BEGIN Source data
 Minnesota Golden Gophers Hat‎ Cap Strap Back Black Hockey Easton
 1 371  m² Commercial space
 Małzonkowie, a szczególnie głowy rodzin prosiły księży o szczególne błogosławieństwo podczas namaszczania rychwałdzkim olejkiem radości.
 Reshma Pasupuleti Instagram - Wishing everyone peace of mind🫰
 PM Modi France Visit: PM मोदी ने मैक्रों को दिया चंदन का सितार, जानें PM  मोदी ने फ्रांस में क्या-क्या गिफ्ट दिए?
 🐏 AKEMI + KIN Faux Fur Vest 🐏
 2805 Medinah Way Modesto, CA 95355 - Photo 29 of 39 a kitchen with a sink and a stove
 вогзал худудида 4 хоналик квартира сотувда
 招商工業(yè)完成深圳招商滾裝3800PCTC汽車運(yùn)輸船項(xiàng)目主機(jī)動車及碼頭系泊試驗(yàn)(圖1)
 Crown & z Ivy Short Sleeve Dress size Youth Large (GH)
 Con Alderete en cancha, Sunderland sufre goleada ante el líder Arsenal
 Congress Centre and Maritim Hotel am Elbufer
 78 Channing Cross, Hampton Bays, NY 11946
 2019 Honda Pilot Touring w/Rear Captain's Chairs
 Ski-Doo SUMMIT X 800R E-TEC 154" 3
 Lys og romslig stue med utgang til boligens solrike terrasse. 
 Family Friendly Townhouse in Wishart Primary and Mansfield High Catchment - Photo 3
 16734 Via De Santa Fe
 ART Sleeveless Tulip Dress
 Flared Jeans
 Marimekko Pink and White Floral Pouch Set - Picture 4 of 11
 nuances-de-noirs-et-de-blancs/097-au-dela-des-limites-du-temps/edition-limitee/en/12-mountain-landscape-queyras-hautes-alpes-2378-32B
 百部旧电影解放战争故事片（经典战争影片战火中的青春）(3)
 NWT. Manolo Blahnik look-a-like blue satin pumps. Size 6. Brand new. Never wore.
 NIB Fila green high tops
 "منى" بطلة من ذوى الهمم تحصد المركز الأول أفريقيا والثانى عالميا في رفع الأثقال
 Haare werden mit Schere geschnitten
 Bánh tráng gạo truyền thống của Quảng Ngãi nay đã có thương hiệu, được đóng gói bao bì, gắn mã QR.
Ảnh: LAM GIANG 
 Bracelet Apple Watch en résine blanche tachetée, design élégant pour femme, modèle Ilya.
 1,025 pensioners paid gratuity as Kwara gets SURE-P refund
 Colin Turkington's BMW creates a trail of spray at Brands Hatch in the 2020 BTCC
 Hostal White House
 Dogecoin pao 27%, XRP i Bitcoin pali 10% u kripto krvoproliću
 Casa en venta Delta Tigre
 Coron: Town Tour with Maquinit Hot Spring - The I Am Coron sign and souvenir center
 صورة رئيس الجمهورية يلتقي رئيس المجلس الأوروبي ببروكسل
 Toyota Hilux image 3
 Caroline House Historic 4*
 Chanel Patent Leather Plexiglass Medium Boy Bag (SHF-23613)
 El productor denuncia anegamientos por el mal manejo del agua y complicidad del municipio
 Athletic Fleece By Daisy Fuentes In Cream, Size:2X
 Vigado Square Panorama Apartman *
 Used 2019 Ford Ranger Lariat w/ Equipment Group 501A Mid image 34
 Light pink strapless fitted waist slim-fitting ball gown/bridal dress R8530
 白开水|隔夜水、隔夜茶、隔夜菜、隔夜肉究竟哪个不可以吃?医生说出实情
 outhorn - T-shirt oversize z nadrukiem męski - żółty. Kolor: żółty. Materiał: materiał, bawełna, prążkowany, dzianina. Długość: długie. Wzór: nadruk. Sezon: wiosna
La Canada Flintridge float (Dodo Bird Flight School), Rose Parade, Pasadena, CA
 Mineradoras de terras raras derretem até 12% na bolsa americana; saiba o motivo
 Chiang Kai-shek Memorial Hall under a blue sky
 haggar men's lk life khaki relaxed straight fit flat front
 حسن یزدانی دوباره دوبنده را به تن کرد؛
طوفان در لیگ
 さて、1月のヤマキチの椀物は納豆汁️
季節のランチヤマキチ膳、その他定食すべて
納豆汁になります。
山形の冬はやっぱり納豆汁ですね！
END Source data
— What you are asked to do —
Would you retype exactly the lines above, from the line with "Ski-Doo SUMMIT X" to the line with "Toyota Hilux image 3", with both end lines kept and nothing more?

— Answer below —
 Ski-Doo SUMMIT X 800R E-TEC 154" 3
 Lys og romslig stue med utgang til boligens solrike terrasse. 
 Family Friendly Townhouse in Wishart Primary and Mansfield High Catchment - Photo 3
 16734 Via De Santa Fe
 ART Sleeveless Tulip Dress
 Flared Jeans
 Marimekko Pink and White Floral Pouch Set - Picture 4 of 11
 nuances-de-noirs-et-de-blancs/097-au-dela-des-limites-du-temps/edition-limitee/en/12-mountain-landscape-queyras-hautes-alpes-2378-32B
 百部旧电影解放战争故事片（经典战争影片战火中的青春）(3)
 NWT. Manolo Blahnik look-a-like blue satin pumps. Size 6. Brand new. Never wore.
 NIB Fila green high tops
 "منى" بطلة من ذوى الهمم تحصد المركز الأول أفريقيا والثانى عالميا في رفع الأثقال
 Haare werden mit Schere geschnitten
 Bánh tráng gạo truyền thống của Quảng Ngãi nay đã có thương hiệu, được đóng gói bao bì, gắn mã QR.
Ảnh: LAM GIANG 
 Bracelet Apple Watch en résine blanche tachetée, design élégant pour femme, modèle Ilya.
 1,025 pensioners paid gratuity as Kwara gets SURE-P refund
 Colin Turkington's BMW creates a trail of spray at Brands Hatch in the 2020 BTCC
 Hostal White House
 Dogecoin pao 27%, XRP i Bitcoin pali 10% u kripto krvoproliću
 Casa en venta Delta Tigre
 Coron: Town Tour with Maquinit Hot Spring - The I Am Coron sign and souvenir center
 صورة رئيس الجمهورية يلتقي رئيس المجلس الأوروبي ببروكسل
 Toyota Hilux image 3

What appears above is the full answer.